Simon Usherwood / Sep 2018
Photo: Shutterstock
As we close in on the final six months of the Article 50 period, it’s worth lifting our eyes from the day-to-day of the Brexit process and reflecting on the bigger picture.
Strikingly, much of that picture is made up of debate about what has happened, as opposed to what is to come. We talk about the failings of the 2016 referendum and what that vote did or didn’t ‘mean’ at least as much as we do about what we might do now.
And even when do we talk about the future, we seem stuck in a narrow argument about customs arrangements, rather than comprehensive models of EU-UK relations.
And entirely absent in this is mention of what kind of country the UK wants to be, in the most general of terms. No one seems to have answers for the (oft-unspoken) question of ‘why’ the UK is leaving the EU.
Living in the past
The reasons for this are varied.
Part of it comes from the trickle of discoveries about the conduct of the referendum that sustain and feed the discontent a substantial number of Remain supporters felt even before the vote: the manipulation of campaigning rules, the links to external forces, all grounded in a sense that this simply can’t be the right outcome.
That disbelief and incredulity remains. Most times that I speak about Brexit, I get someone sidle up and ask if I think it’s ‘really going to happen’, as if there’s been some kind of mass delusion from which we must surely wake, before it’s too late. Fix the past and we’ll fix the future back to how it should have been.
Partly, there’s a distinct lack of knowledge and capacity among politicians to talk about the big questions of the future. Caught with their metaphorical pants around their ankles by the vote to Leave, almost all the time since has been an exercise in catching-up and managing a crisis that reaches into every area of public life. Even a small part of it – customs, to pick an obvious example – turns out to be very complex and fraught.
Relatedly, those smaller parts are still important points, so to focus on something else risks leaving them under-considered, or even not considered at all.

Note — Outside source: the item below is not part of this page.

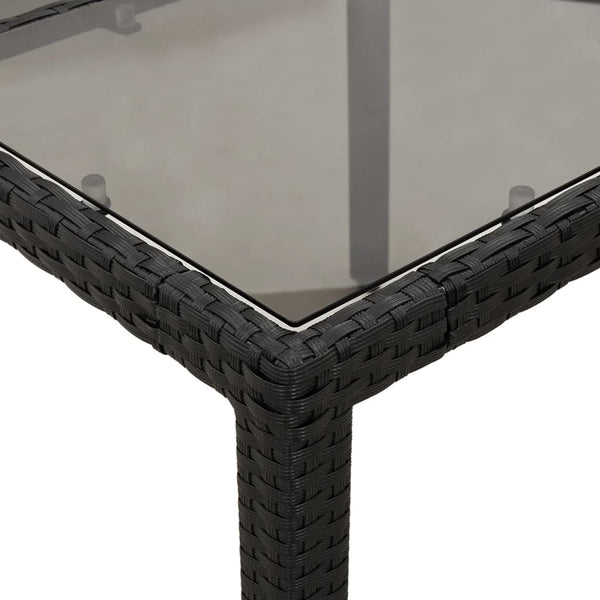 Schwarzer Gartentisch mit Glasplatte Rovelino 190x90x75cm (Polyrattan)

You can see echoes of this from those parts of policy where the political spotlight hasn’t fallen. Regional development has been one such an area, where the looming end of Structural Fund income has still to be addressed by the UK’s central government.
Oddly, hardly of this is due to the standard view of British politics as a space that is inimical to grand visions. Theresa May herself built part of her bid to become Prime Minister in 2016 on the back of a wide-reaching programme to recast society and economy in the Brexit era to become more inclusive for those ‘just about managing’. If that agenda has faded, then it has been due to the aforementioned bandwidth issue and to the lack of strong connection that she made between the general and the particular.
The past is another country
If this is all rather understandable, then that should not be confused with being appropriate.
The energy that has gone into raking over the coals of the referendum is energy that has not gone into trying to have a debate about the Aristotelian good life of the UK should now consist of.
Often in politics we hear talk of not letting a good crisis go to waste, but in this case the primary response of the government has been to seek out ways of keeping as much as possible the same as before, even as the country’s most consequential strategic relationship is being fundamentally recast.
Even with the best will in the world – and we seem to be quite some way from having that – to imagine that ‘nothing has changed’ even as everything is palpably changing looks blinkered, rather than principled.
The perversity of it all is brought home by the failure of both Remainers and Leavers to even attempt to project a constructive vision of where the UK could be heading in all of this. The former look more obsessed with finding ways to overturn the referendum; the latter reduced to phatic invocations of the bulldog spirit and British greatness.
To obsess about the past for the past’s sake is to cede control of the future. Yes, we need to discuss and debate where we are and how we got here, but always with an eye to how we can make the best of our situation.
Yes, the narrative of how politicians lied in the 1975 referendum did feed into securing a second popular vote in 2016, but ultimately that has just brought us back to where we were: not further in our understanding of where we are going or why. That confusion has been the hallmark of British European policy throughout the post-war period, with its series of unsatisfactory compromises and false polarisations of debate.
Only if the UK can engage in a more substantive and mature debate about its role in the world will it be able to break out of this vicious circle. Unfortunately, the signs of that happening have been few and far between.
That shouldn’t stop us trying though, for otherwise we risk running aground, with even more serious consequences than those that already confront us.